### Data provided ###

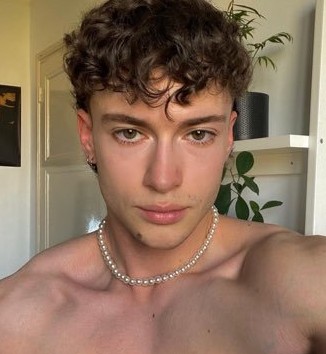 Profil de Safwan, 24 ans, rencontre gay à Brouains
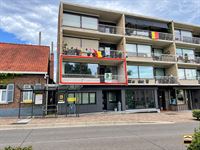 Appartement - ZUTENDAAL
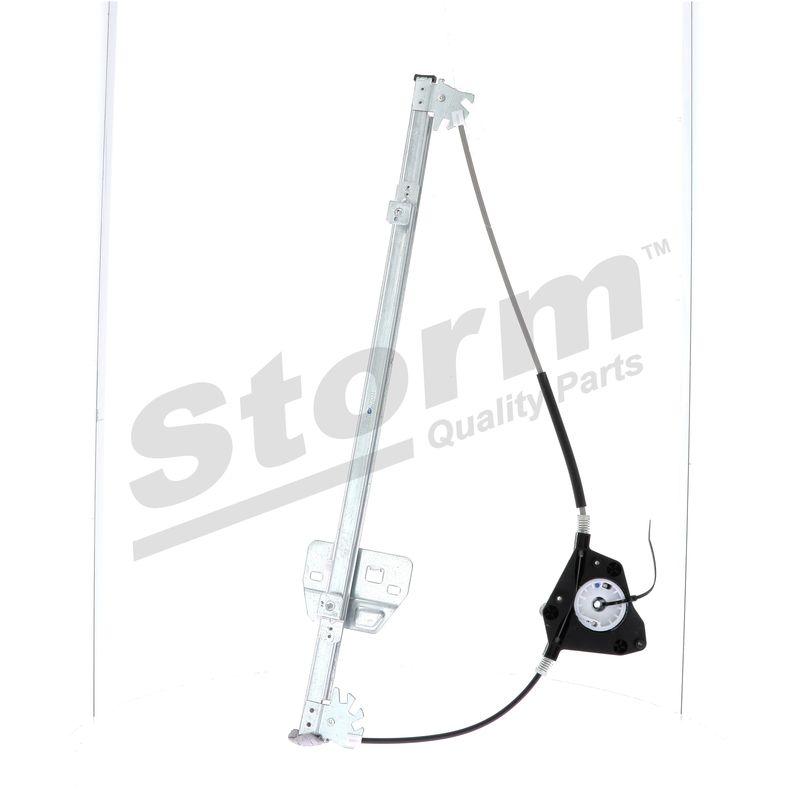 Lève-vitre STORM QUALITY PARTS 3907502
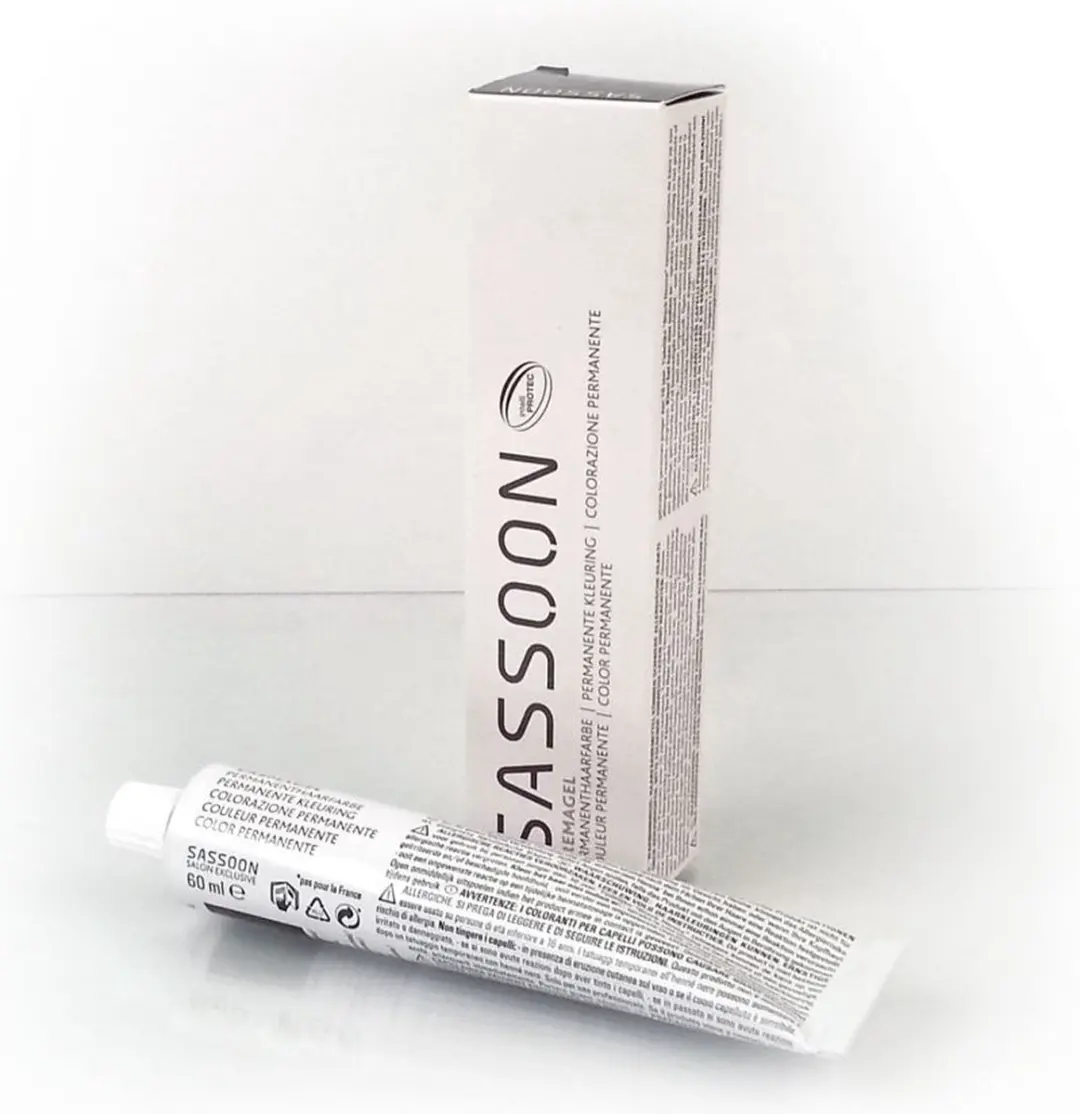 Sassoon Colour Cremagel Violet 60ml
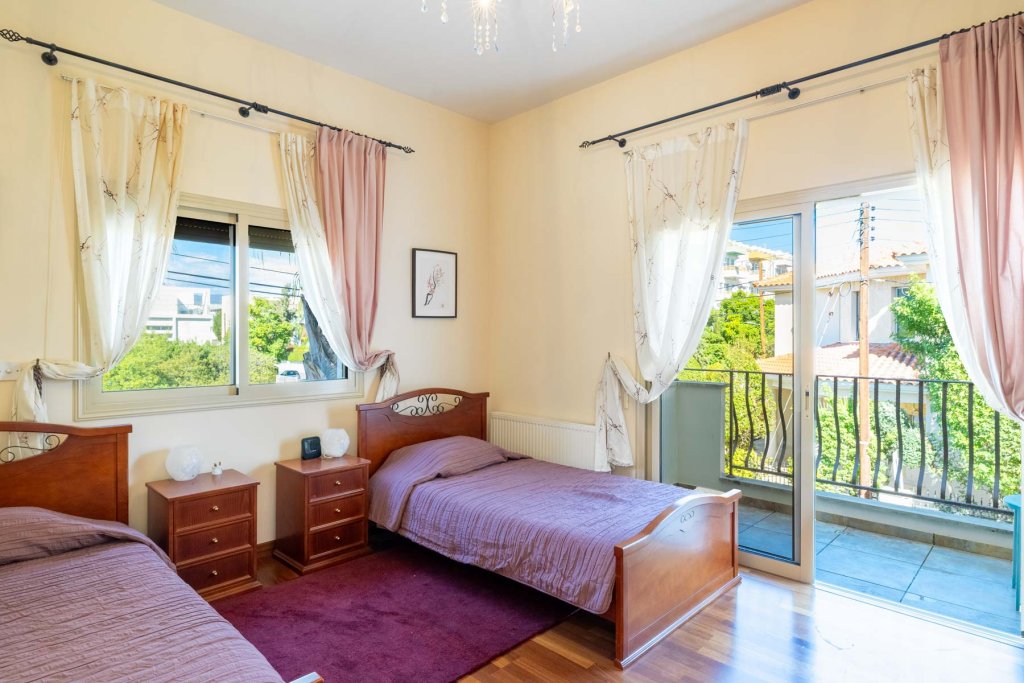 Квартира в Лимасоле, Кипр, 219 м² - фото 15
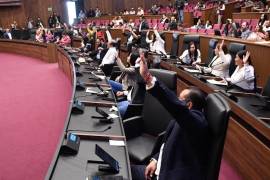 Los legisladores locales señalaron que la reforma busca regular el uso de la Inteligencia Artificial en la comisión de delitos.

###

Task goal
Retype only the lines from the line with "Sassoon Colour Cremagel Violet 60ml" through the last line of the data. Keep both ends and skip the pictures.

Exercise solution
 Sassoon Colour Cremagel Violet 60ml
 Квартира в Лимасоле, Кипр, 219 м² - фото 15
 Los legisladores locales señalaron que la reforma busca regular el uso de la Inteligencia Artificial en la comisión de delitos.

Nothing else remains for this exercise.